Face à face

Face a faceStéphane PINTRE, Président du SNDGCT – Vincent SIVRÉ, Président du SJFu

SNDGCT – SJFu, un face à face qui se traduit aisément par une collaboration «main dans la main» ! Les deux syndicats ont organisé le 16 octobre dernier leur troisième Journée d’échanges professionnels au Palais du Luxembourg à Paris. Carrefour de témoignages d’experts de terrain et d’universitaires, cette journée traduit une volonté commune de partager les expériences professionnelles et les outils au service de l’intérêt général.

Dans quel contexte s’inscrit cette journée ?

Stéphane PINTRE : Nous sommes dans un contexte très particulier de mutations de l’organisation territoriale et des compétences des collectivités. Tout d’abord avec la promulgation de la loi NOTRe, mais également avec la réforme de l’Administration Territoriale de l’État, conséquence de la loi relative à la délimitation des régions. Directions Générales des Services et Chambres Régionales des Comptes, nous sommes tous concernés.

L’endettement sans précédent de l’État et la nécessité de rétablir les comptes publics ont amené l’État à diminuer ses concours financiers aux collectivités territoriales.

Une baisse de 11 milliards d’euros entre 2015 et 2017 dont la brutalité ne peut être compensée dans des délais aussi courts par la mise en œuvre d’une économie structurelle.

Une baisse de 11 milliards d’euros qui va peser très lourdement sur les budgets des collectivités locales déjà fortement obérées, comme vient enfin de le reconnaître la Cour des Comptes dans son rapport annuel des finances locales par l’impact des nombreuses décisions que l’État impose aux collectivités locales. 

La mobilité professionnelle entre la Fonction Publique Territoriale et la Fonction Publique d’État a été l’un des sujets phares de cette journée. Quel rôle peut-elle jouer ?

Vincent SIVRÉ : Nous avons en effet choisi cette année deux thèmes de tables rondes : les parcours croisés et l’impact de la loi NOTRe sur la fonction de DGS. La réforme territoriale et la réforme de l’État en région amorcent aussi un rapprochement de plus en plus audacieux entre la Fonction Publique Territoriale et la Fonction Publique d’État. La conduite de politiques publiques, associant étroitement les compétences régaliennes de l’État et les compétences des collectivités territoriales, ne peut se concevoir sans la multiplication d’allers et de retours de cadres supérieurs et dirigeants entre les deux fonctions publiques.

Nous nous donnons donc pour mission de mener une réflexion prospective globale sur les besoins des cadres supérieurs et dirigeants de l’État et des collectivités territoriales, et d’ouvrir des voies communes et réciproques en matière de mobilité professionnelle.

L’organisation de telles mobilités est essentielle au développement des compétences techniques, managériales et comportementales nécessaires à l’exercice d’emplois de haut niveau.

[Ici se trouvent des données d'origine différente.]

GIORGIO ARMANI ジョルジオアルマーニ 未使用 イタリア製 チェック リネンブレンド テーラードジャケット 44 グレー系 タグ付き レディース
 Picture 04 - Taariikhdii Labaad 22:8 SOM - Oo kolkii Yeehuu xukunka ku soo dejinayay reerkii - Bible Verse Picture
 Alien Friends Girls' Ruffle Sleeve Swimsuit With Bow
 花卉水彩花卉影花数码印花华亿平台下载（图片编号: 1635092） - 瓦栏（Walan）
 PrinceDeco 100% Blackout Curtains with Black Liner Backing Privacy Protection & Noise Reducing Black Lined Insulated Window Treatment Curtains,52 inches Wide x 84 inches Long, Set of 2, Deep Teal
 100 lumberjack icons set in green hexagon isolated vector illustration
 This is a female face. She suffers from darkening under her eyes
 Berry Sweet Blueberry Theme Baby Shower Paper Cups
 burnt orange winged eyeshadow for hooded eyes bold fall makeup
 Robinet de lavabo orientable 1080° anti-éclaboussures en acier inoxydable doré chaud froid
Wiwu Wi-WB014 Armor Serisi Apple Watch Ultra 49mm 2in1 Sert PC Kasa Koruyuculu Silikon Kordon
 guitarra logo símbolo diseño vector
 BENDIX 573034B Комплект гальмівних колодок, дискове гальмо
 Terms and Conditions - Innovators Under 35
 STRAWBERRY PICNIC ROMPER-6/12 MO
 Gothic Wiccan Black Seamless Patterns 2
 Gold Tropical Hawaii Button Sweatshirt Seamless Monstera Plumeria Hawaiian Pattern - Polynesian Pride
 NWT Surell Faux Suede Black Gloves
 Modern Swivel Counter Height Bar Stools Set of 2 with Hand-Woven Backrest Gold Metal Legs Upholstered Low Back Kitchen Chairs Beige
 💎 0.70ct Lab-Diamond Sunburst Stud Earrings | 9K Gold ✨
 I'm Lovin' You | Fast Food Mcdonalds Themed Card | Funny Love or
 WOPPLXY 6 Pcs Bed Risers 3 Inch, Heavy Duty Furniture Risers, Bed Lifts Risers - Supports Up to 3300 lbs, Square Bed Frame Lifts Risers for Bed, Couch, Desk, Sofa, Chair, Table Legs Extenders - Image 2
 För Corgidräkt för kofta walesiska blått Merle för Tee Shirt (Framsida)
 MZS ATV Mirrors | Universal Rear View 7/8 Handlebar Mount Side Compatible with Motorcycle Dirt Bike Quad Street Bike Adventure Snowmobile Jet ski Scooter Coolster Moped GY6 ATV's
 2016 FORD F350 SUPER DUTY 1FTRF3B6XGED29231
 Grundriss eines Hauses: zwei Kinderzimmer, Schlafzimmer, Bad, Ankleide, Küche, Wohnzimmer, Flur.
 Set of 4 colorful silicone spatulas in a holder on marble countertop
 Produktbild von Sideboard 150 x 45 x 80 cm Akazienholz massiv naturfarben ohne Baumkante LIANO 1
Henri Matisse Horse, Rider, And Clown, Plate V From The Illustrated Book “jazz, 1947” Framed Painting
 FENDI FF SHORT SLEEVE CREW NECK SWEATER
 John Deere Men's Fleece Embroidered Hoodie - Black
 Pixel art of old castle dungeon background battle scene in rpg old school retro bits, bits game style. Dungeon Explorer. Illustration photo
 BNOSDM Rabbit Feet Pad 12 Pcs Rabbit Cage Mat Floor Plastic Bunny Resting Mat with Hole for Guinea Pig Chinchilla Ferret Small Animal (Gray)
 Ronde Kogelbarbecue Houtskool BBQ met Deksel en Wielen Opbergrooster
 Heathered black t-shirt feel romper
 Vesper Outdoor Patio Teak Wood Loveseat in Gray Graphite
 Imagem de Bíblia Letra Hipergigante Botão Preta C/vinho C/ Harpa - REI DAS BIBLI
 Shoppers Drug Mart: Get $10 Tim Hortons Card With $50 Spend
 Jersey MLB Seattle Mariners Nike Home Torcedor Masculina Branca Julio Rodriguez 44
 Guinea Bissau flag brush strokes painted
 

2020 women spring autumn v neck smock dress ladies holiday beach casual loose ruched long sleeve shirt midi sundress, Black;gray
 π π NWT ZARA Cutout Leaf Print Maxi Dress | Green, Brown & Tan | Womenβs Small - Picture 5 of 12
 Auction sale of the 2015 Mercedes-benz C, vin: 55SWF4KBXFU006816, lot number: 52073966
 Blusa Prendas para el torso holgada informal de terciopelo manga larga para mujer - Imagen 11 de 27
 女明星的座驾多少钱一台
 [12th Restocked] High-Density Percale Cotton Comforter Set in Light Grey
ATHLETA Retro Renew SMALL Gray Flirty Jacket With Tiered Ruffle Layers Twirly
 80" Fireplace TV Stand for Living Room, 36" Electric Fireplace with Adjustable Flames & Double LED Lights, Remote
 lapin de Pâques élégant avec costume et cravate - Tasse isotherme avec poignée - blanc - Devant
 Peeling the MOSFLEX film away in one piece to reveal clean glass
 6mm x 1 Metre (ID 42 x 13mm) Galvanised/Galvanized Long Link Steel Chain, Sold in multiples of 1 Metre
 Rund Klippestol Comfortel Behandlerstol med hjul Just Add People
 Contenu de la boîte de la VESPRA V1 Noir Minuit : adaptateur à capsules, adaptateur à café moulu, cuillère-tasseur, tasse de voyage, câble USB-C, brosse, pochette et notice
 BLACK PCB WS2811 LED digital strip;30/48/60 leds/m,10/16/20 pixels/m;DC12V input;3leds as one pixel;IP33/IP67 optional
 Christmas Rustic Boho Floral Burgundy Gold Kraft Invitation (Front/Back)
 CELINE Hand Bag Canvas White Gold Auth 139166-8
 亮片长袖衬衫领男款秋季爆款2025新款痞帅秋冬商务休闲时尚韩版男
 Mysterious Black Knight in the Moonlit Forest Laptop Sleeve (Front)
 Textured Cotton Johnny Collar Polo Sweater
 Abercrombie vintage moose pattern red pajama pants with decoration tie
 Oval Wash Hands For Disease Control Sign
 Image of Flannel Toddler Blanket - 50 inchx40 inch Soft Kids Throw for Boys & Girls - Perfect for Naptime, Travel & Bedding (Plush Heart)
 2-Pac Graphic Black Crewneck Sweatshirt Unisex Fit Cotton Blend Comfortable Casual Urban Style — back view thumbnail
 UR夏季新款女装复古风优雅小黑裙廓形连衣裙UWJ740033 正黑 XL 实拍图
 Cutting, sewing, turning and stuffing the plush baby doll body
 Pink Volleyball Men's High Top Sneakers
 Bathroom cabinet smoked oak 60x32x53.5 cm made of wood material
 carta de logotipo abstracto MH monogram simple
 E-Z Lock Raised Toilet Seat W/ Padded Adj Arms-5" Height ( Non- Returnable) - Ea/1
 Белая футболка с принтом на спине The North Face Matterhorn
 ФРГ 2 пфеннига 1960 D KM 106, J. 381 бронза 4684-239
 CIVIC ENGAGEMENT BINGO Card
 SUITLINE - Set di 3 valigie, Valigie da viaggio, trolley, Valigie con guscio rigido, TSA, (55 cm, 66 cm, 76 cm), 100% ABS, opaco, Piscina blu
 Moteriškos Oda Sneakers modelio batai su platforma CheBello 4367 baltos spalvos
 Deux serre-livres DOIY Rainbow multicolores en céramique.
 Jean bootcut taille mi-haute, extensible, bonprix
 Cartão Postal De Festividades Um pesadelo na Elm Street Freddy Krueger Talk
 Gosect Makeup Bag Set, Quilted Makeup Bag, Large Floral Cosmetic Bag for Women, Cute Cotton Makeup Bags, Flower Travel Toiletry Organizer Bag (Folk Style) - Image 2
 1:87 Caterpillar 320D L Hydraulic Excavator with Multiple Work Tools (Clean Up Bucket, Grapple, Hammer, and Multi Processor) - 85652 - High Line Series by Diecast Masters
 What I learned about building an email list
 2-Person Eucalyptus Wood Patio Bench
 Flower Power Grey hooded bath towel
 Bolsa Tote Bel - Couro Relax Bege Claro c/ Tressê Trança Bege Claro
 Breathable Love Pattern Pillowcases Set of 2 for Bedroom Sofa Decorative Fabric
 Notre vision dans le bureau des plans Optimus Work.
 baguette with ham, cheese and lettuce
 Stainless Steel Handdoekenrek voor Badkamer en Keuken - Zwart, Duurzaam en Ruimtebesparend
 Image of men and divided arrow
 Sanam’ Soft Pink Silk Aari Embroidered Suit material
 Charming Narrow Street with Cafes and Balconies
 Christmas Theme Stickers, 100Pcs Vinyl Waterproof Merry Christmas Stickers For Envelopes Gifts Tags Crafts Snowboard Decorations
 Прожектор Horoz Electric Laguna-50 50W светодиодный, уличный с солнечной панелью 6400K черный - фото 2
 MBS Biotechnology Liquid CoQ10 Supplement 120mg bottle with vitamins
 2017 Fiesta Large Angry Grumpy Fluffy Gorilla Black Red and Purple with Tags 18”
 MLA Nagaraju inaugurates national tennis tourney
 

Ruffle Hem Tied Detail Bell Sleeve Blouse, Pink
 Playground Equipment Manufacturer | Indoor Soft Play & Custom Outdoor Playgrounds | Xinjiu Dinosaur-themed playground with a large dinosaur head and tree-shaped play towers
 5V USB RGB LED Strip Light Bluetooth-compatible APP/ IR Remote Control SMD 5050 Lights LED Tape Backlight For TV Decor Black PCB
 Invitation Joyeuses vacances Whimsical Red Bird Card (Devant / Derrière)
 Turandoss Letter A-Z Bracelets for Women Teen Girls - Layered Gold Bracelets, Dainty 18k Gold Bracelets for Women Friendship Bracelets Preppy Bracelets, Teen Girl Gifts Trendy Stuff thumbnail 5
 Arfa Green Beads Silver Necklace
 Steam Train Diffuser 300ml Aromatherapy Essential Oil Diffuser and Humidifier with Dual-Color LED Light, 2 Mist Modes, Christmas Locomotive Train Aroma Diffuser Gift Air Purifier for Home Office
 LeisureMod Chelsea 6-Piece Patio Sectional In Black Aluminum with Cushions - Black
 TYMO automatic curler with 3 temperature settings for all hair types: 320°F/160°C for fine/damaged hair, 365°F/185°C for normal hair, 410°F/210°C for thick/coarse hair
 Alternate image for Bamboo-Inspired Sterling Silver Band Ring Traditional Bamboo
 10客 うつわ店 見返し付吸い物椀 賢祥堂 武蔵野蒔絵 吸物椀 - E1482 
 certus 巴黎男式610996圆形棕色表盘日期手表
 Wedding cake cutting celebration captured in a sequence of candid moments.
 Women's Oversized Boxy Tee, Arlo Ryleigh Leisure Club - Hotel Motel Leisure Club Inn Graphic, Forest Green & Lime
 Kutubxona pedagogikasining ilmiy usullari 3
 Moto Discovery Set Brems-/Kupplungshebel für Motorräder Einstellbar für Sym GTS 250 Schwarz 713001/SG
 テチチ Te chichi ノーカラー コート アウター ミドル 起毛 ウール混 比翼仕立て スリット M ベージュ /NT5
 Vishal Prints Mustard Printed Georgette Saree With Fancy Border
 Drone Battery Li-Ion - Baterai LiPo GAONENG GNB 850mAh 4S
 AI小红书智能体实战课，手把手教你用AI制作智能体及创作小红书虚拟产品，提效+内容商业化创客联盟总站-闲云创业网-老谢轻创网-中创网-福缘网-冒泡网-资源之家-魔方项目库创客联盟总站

L’empêcher par une rigidité excessive du cadre juridique les régissant ou par des pratiques de gestion restrictives, empreintes de lourdeurs sociologiques, ne facilite pas le renforcement de la cohérence de l’action de l’État en région avec celle des collectivités territoriales.

Ces allers et retours peuvent soulever des risques juridiques ou financiers. Ceux-ci doivent être identifiés, analysés puis gérés avec discernement. Il ne s’agit pas de mettre des obstacles ici ou là à la mobilité professionnelle en invoquant des conflits d’intérêt. Il s’agit de concevoir une politique de mobilité professionnelle véritablement ouverte, animée par des gestionnaires dédiés à cette mission, outillée et encadrée par un dispositif de prévention des risques déontologiques pertinent.

Votre ressenti à l’issue de cette journée commune ?

Stéphane PINTRE : Nous avons établi depuis plusieurs années des relations partenariales avec les magistrats des Chambres Régionales des Comptes, dont le point d’orgue est l’organisation de cette journée. Il s’agit d’un moment à la fois d’intérêt professionnel et de convivialité, qui rencontre un succès de qualité au regard de la richesse des débats. Cette étroite collaboration doit être renforcée et valorisée car chaque Fonction Publique a nécessairement besoin de mieux connaître et apprécier les contributions de l’autre.

Vincent SIVRÉ : C’est toujours un plaisir de pouvoir rencontrer les collègues du SNDGCT. Ces journées sont très stimulantes car elles offrent l’opportunité d’assister à des interventions de grande qualité telle que celle de Michel Bouvier, grand témoin 2015, de partager nos expériences ou encore d’élaborer des projets communs. Cette édition nous a fait prendre collectivement conscience que nous avons tout intérêt à travailler ensemble pour favoriser le développement de mobilités croisées de cadres supérieurs entre la Fonction Publique Territoriale et la Fonction Publique d’État.